Я не хочу смотреть на тебя, Рада! Не зови, не надо! Ведь они выбьют мне зубы! Отобьют почки! Или вообще убьют! Ты ведь сама виновата! Дура! Чтобы удивить тебя – не трахнуть даже, а удивить, – нужно было устроить этот крышеснос, притащить непонятно куда, словно нельзя без этого! На хуй такое кино! На хуй! Как там у Оруэлла? К боли нельзя привыкнуть, только к ней и нельзя. Ты ведь сама ко мне подошла, Рада! Тогда, на дискотеке. Ты! Ты! Ты! Я тебя не просил! Не надо!
– Уебывай! Да побыстрее!
Они, наверное, залезли туда, куда Рада сама клала мне руку. Господи, если Ты не просто печатный образ с бабушкиных икон и бумажек, если Ты создал нас по своему образу и подобию, то для чего дал нам инстинкт самосохранения? Разве это моя вина, что сейчас я трясусь не за Раду, а за себя? Моя? Не Твоя?
Рада, ты уже не выкрикиваешь мое имя. Может, устала, сдалась. А может, тебе заткнули рот. Твари! Которые будут ебать тебя. Раком. В задницу. Разложив, как пасьянс, на земле. Только не в рот. Откусишь.
Но я не повернусь, чтобы взглянуть на тебя. Нет, я буду смотреть в звездное небо, надеясь через него отыскать тот самый нравственный закон внутри себя. И, не найдя там ничего, уткнусь взглядом в землю, наблюдая, как семенит ежик. На миг он останавливается, поворачивает острую мордочку в мою сторону. Глядит, фыркает. И высовывает язычок. Вместо того, чтобы инстинктивно – сколько их погибает под колесами автомобилей? – свернуться в защитный клубок.
– Аааааааааааааа!
Этот крик Рады словно прорывается через шумоизоляцию, созданную отчаянием, страхом, трусостью. Бьет децибелами, раздражая кору головного мозга, и кажется, что ежик потешается надо мной. Смеется.
Чтобы не свихнуться, рефлекторно отворачиваюсь от него и вижу – панорама, как на смотровой площадке – дрочащих пацанов. Кукурузник держит Раду, – грудь обнажена – зажимая ей рот. Вижу бутылку из-под шампанского, валяющуюся от меня в нескольких метрах. Вижу, как стыд заставляет меня нагнуться и поднять ее. Вижу, как ускоряюсь, подбегаю к дрочащим пацанам и опускаю бутылку на коротко стриженную голову Чубчика.

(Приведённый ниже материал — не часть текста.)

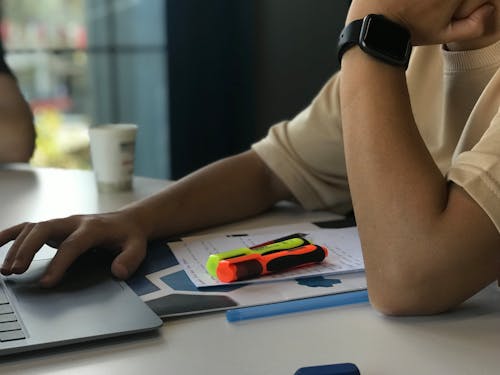 A person sitting at a desk with a laptop and a pen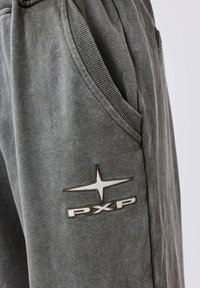 Grijze katoenen joggers met zijzakken, geribbelde tailleband en het PXP-logo in het wit geborduurd op de dij. Zacht, textuurmateriaal.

Звон, треск, голоса, крики – все сливается воедино. Будто начался самый чудовищный, самый мощный «вертолет», который не остановить, какое положение ни принимай. Пацаны замирают со спущенными штанами. И я сам не могу пошевелиться. Но вдруг удар по щеке. Еще один. Рада вырвалась и бьет меня. По ее губам я читаю: «Бежим».
Мышечные волокна сокращаются, движения начинаются – новая жизнь. Не оглядываясь, бегу вслед за Радой, к лестнице, ведущей на площадь Захарова. Прочь от места, крестившего не Духом, но миром.
Приравнивается к Курту Кобейну
На следующий день я онемел, обездвижел. Вставал лишь в туалет. Еду мне приносила бабушка, дежурившая, словно у постели тяжелобольного. В школу, на подготовительные курсы я не пошел. Телевизор все время работал, но я не помню ни одной передачи, которые по нему смотрел. Нечто похожее я испытывал после знакомства с Радой, но сейчас было тяжелее, болезненнее.
Правда, бабушка рассказывала, что я просил «чтение». Этого я тоже не помню, но возле кровати действительно лежали книги – в основном, из серии «Мировая фантастика», которую я упросил купить маму в симферопольском «Букинисте»: Гаррисон, Шекли, Азимов, Хайнлайн, Нортон. Среди них валялась еще одна – в красной мятой обложке: Федор Достоевский «Повести». Тираж 100 000 экземпляров. Издание 1989 года, Кишинев. Подписано в печать 11.12.1988. Я, по обыкновению, проштудировал – в этом была моя чудаковатая радость – выходные данные прежде, чем днем третьего дня мучений взялся непосредственно за текст. В книге было три повести – «Село Степанчиково и его обитатели», «Записки из подполья»», «Игрок».